Veterans Group Converges on Congress to Call for a Change in Spending Priorities and to Work for Peace

For Immediate Release


Michael T. McPhearson, Executive Director, 314-725-6005,

Barry Ladendorf, VFP Board President, 619-997-2772,

Veterans Group Converges on Congress to Call for a Change in Spending Priorities and to Work for Peace

WASHINGTON - This week members of Veterans For Peace will converge on the U.S. Capitol to call on Congress to:

  • Audit the Pentagon and move money from war making to investment in jobs and human needs
  • Support diplomacy with Iran and not interfere with the diplomatic efforts
  • Reform the Pentagon’s 1033 program that transfers military grade weapons to U.S. community police departments
  • Fund programs that address the legacy of Agent Orange, a poisonous chemical used by the U.S. in the Vietnam War, that 40 years after the war’s end is still causing birth defects, diseases and killing people in Vietnam and the U.S.

With Memorial Day approaching, we believe this is a great time for our members as military veterans to engage Congress on several issues important to us,” said Michael T. McPhearson, Executive Director of Veterans For Peace and an Army Gulf War veteran.

He went on to say, “Pentagon spending has taken over half of the Federal discretionary budget.
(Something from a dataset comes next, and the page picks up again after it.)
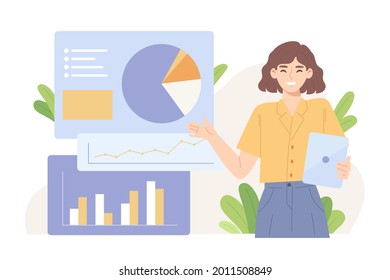 Young Adult Woman Is Presenting Business Turnover Or Business Profits Charts. Concept Of Office Meeting, Conference, Working, Company Strategy, Business And Finance. Flat Vector Illustration Character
It shows that lawmakers’ priorities are skewed andthe result is inadequate investment in our economy and our communities. A tragic but perfect example is the recent Amtrak accident that both Senators Booker and Menendez say demonstrates the need for more government spending on public works.”

Veterans For Peace is calling for members to visit Congress in Washington and in their local offices. If they cannot visit, members are urged to phone and email. VFP is calling for Congress to pass a budget that follows the lead of the Progressive Caucus Better off Budget. According to Veterans For Peace, this budget will move money from funding a wasteful and depraved foreign policy of endless war to domestic priorities, while also reducing the deficit by $4.08 trillion over the next 10 years. Among many important provisions, this budget ends emergency funding for Overseas Contingency Operations and calls for transparency in national security budgets to bring accountability to bulk data collection programs.

 “The tragic legacy of Agent Orange is still haunting veterans, their families and the people of Vietnam. We call on the House to pass H.R. 2114 Victims of Agent Orange Relief Act of 2015,” said Veterans For Peace President Barry Ladendorf, a Navy Vietnam War Veteran.

“The Act will help U.S. veterans, their families and Vietnamese impacted by Agent Orange. Wars don't just end. There we must be a commitment to building peace with the people of Vietnam.  The U.S. must take more responsibility for confronting the terrible legacy of this deadly poison that should have never been used in the first place.”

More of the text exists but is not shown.